Monitoring is a feature used for observing and tracking performance, availability, and health of the system. We use Prometheus, a powerful open-source monitoring and alerting toolkit.

Note that for now, Windows is not supported.

How It Works

To collect telemetry data, Prometheus utilizes an endpoint called /metrics. This endpoint serves as the interface through which metrics are exposed and made available for scraping. Then the data is saved to time series database (TSDB) and can be later analyzed, exported, or visualized by means of Prometheus components or third-party tools. Additionally, an alert manager can be set up to trigger notifications.

We created a simple Grafana dashboard as an example to visualize Face SDK Web API metrics. You can download and import this dashboard into your Grafana instance. For detailed instructions on installing Grafana and managing dashboards, refer to the official Grafana documentation.


For more information about the toolkit ecosystem and architecture, see Prometheus overview.

Quick Start

To start collecting the system telemetry, follow the steps below.

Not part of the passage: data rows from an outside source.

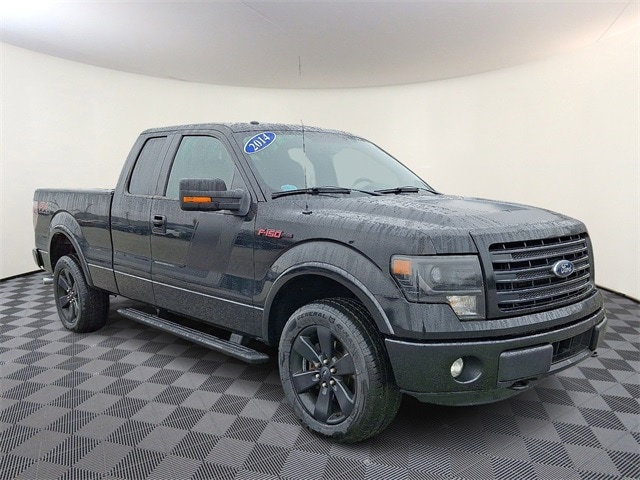 2014 Ford F-150 FX4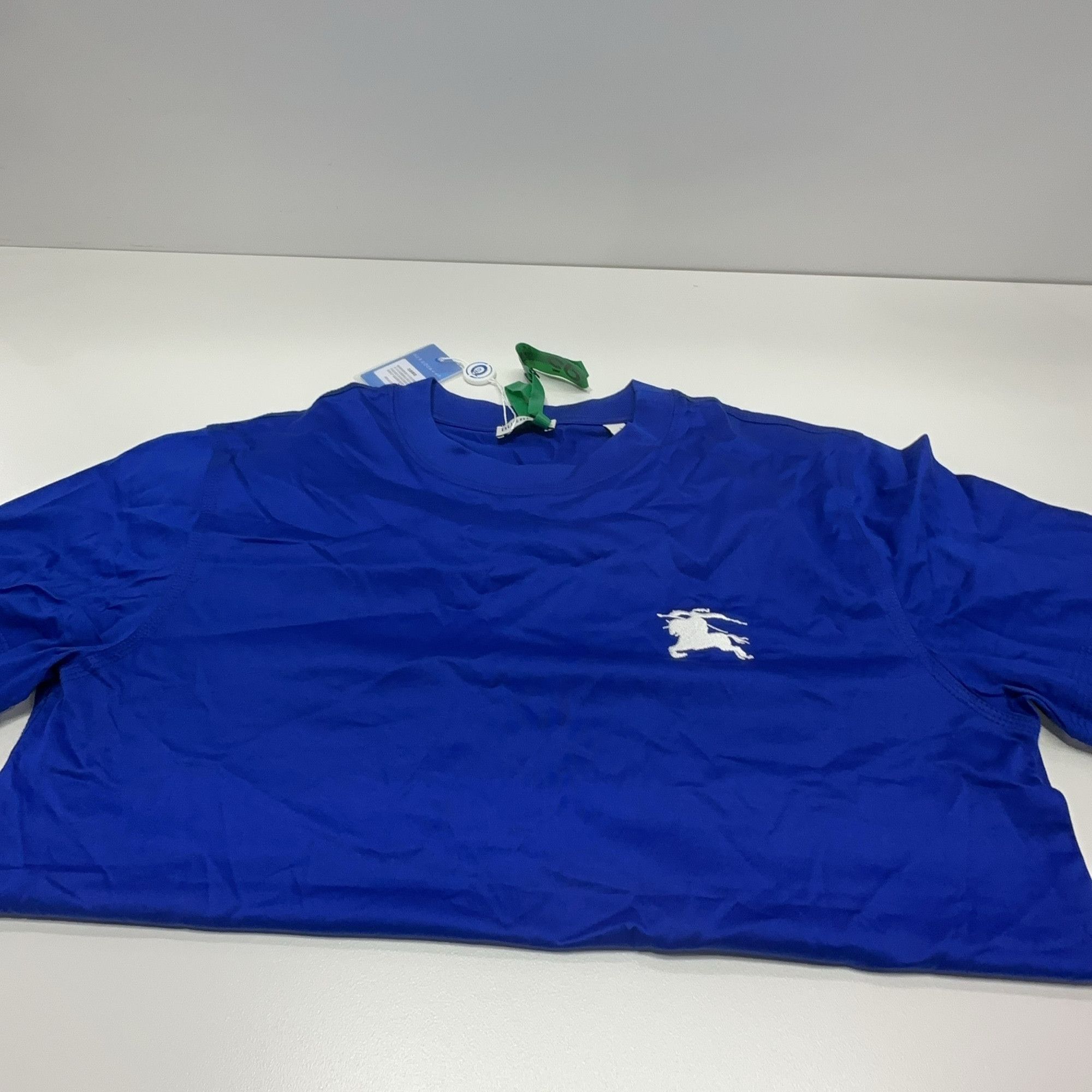 Burberry Burberry Logo T-Shirt Size S Size US S / EU 44-46 / 1 - 6 Thumbnail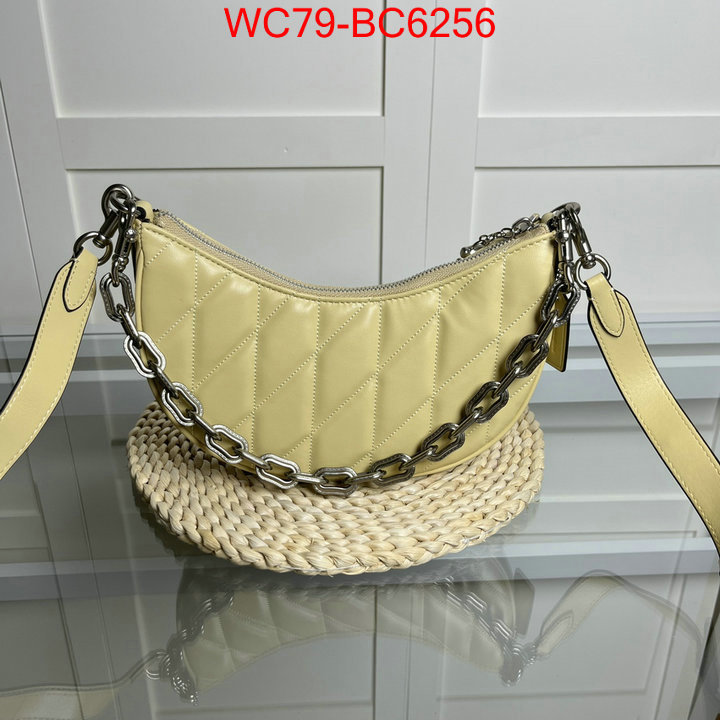 Coach Bags(4A)-Diagonal wholesale designer shop ID: BC6256 $: 79USD,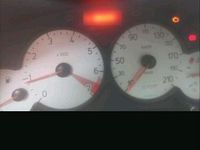 Gebraucht Peugeot 206 CC 109 PS (80 kW) 2006 Silber Cabrio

1. Install the Prometheus server and customize its config prometheus.yml to scrape metrics from the target URL where your Face SDK Web Service instance is deployed. For details, see First steps with Prometheus.

2. Enable collecting metrics:

      enabled: true
      path: "metrics"
Parameter Type Default Description
enabled boolean true
(for all OS except Windows)
Whether to collect Prometheus metrics.
path string metrics Specifies the custom file path to save metrics.

From now on, the metrics are automatically written into TSDB. In Prometheus ecosystem, you can retrieve data employing Prometheus Query Language (PromQL), visualize information via expression browser or integrating Grafana, or configure the notifications adding the alert manager.

Available Metrics

Face SDK Web Service together with Prometheus provide you with numerous metrics for request-response analysis. See the overview and useful references further.

Gunicorn metrics

Gunicorn provides the following metrics for monitoring and analyzing HTTP requests:

Summary metrics

  • gunicorn_queue_time: Measures the time a request spends in the queue (latency).
  • Sub-metrics:
    • gunicorn_queue_time_count: Total count of requests in the queue.
    • gunicorn_queue_time_sum: Sum of the time spent by requests in the queue.

Histogram metrics

  • gunicorn_request_time_histogram: Represents the time a request spends in the queue as a histogram.
  • Sub-metrics:
    • gunicorn_request_time_histogram_count: Total count of requests in the histogram.
    • gunicorn_request_time_histogram_bucket: Distribution of requests in different time intervals.
    • gunicorn_request_time_histogram_sum: Sum of the time spent by requests in the histogram.

HTTP Request Analysis Metrics

For analyzing HTTP requests, the following metrics are available:

Counter Metric

  • flask_http_request_total: Tracks the total count of requests.

Histogram metrics

  • flask_http_request_duration_seconds_bucket: Represents the duration of request execution in different time intervals.
  • flask_http_request_duration_seconds_count: Total count of requests in the histogram.
  • flask_http_request_duration_seconds_sum: Sum of the durations of requests in the histogram.

You can filter the metrics using the following parameters:

  • method: Filters requests by HTTP method (e.g., GET, POST, etc.).
  • path: Filters requests by the path (/api/match, /api/match_and_search, /api/detect, /api/groups, /api/search, /api/v2/liveness).
  • status: Filters requests by the response code (e.g., 200, 404, etc.).